Sebelumnya, OJK mengungkap bahwa Mirae Asset meraup keuntungan hingga Rp14,5 triliun lewat dugaan aksi manipulasi IPO dan transaksi semu saham.
Direktur Eksekutif Penyidik Sektor Jasa Keuangan OJK Irjen Daniel Bolly Hyronimus Tifaona mengungkapkan bahwa keuntungan itu didapat dari transaksi saham BEBS.
"Rangkaian transaksi tersebut diduga menyebabkan harga saham BEBS di pasar reguler meningkat secara signifikan hingga sekitar 7.150 persen," kata Bolly.
Rangkaian transaksi ini dieksekusi oleh enam orang operator di bawah kendali kedua tersangka yakni ASS selaku Beneficial Owner dari PT BEBS dan MWK selaku mantan Direktur Investment Banking Mirae Asset.
Menurutnya, total cuan dari praktik ilegal ini sebesar Rp14,5 triliun. Uang triliunan itu pun kini telah dibekukan oleh OJK untuk sementara.
"Nilainya total semua 14,5 T itu dari saham-saham yang kami freeze, itu sekitar ada 2 Miliar lembar saham dengan harga saham sekitar 7.000 sekian," ucapnya.
Diketahui, Bareskrim Polri bersama OJK menggeledah kantor Mirae Asset di sebuah gedung perkantoran di kawasan Jakarta Selatan pada Rabu, terkait tindak pidana pasar modal.
Dari hasil penggeledahan, Direktur Eksekutif Penyidik Kelompok Penyidik Sektor Jasa Keuangan OJK Irjen Pol. Daniel Bolly Hyronimus Tifaona mengatakan bahwa penyidik menyita sejumlah barang bukti.
Daniel menjelaskan periode kasus ini terjadi dalam kurun waktu 2020–2022 dan sejatinya sudah di tahap penyidikan.

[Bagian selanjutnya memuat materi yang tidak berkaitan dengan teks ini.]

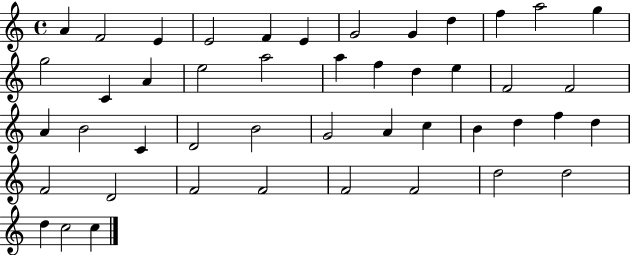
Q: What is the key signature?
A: C major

Penggeledahan dilaksanakan dalam rangka pengembangan penyidikan atas dugaan manipulasi informasi fakta material yang melanggar Pasal 104 juncto Pasal 90 subsider Pasal 107 Undang-Undang (UU) Nomor 8 Tahun 1995 tentang Pasar Modal.
Manipulasi informasi fakta material yang dimaksud adalah terkait tidak dilaporkannya pihak afiliasi penerima fixed allotment dalam penawaran umum perdana saham atau Initial Public Offering (IPO), serta penyampaian laporan penggunaan dana IPO yang tidak sesuai dengan kondisi sebenarnya. Dugaan manipulasi tersebut diduga melibatkan pihak sekuritas.

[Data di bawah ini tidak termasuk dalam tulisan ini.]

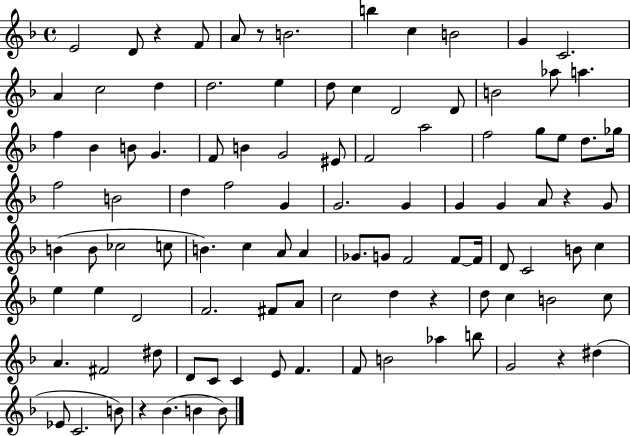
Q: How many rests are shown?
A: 6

Selain itu, penyidik OJK juga menemukan dugaan transaksi semu sebagaimana diatur dalam Pasal 104 juncto Pasal 91 UU Nomor 8 Tahun 1995 tentang Pasar Modal berupa transaksi antarpihak terafiliasi yang melibatkan tujuh entitas perusahaan dan 58 entitas perorangan nominee yang dieksekusi oleh enam orang operator di bawah kendali tersangka.

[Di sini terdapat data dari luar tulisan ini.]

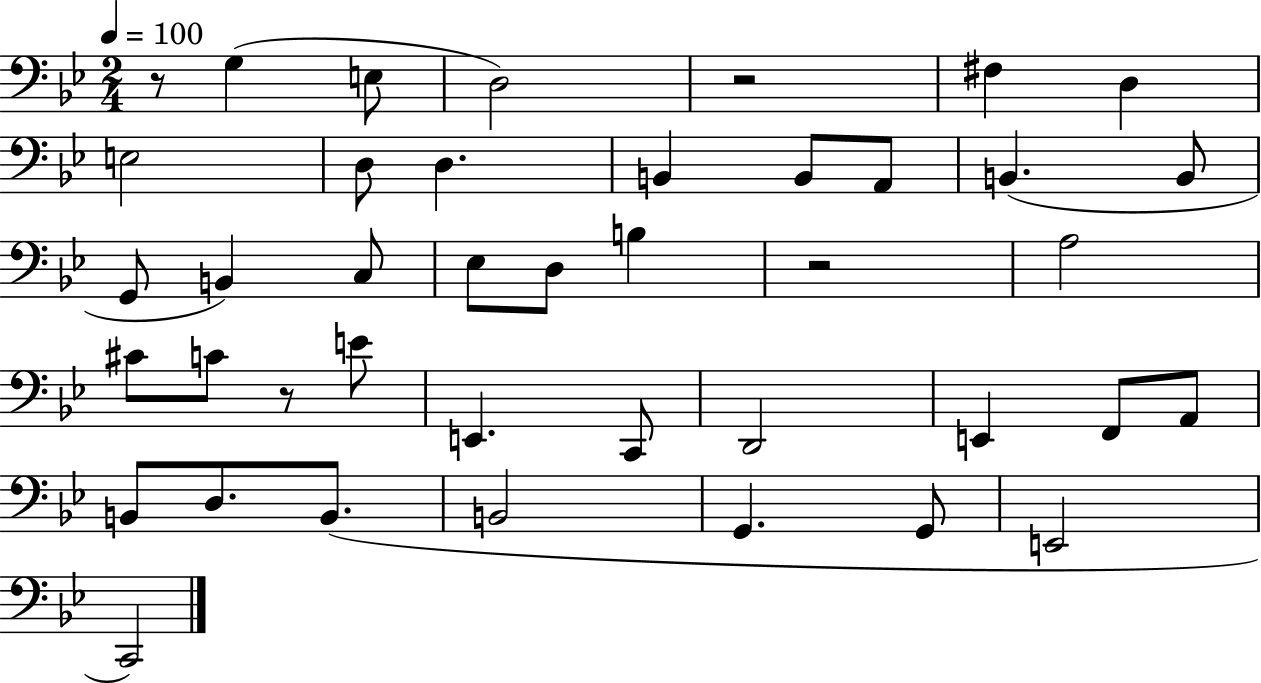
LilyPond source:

{
  \clef bass
  \numericTimeSignature
  \time 2/4
  \key bes \major
  \tempo 4 = 100
  \repeat volta 2 { r8 g4( e8 | d2) | r2 | fis4 d4 | \break e2 | d8 d4. | b,4 b,8 a,8 | b,4.( b,8 | \break g,8 b,4) c8 | ees8 d8 b4 | r2 | a2 | \break cis'8 c'8 r8 e'8 | e,4. c,8 | d,2 | e,4 f,8 a,8 | \break b,8 d8. b,8.( | b,2 | g,4. g,8 | e,2 | \break c,2) | } \bar "|."
}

Rangkaian transaksi semu tersebut diduga menyebabkan harga saham PT Berkah Beton Sadaya Tbk (BEBS) di pasar reguler meningkat secara signifikan hingga sekitar 7.150 persen.
Daniel mengungkapkan, illegal gain dari insider trading ini sebesar Rp14,5 triliun. Dari kasus ini, telah ditetapkan dua orang tersangka perorangan, yaitu ASS selaku beneficial owner BEBS, MWK selaku mantan Direktur Investment Banking PT MASI, serta tersangka korporasi PT MASI.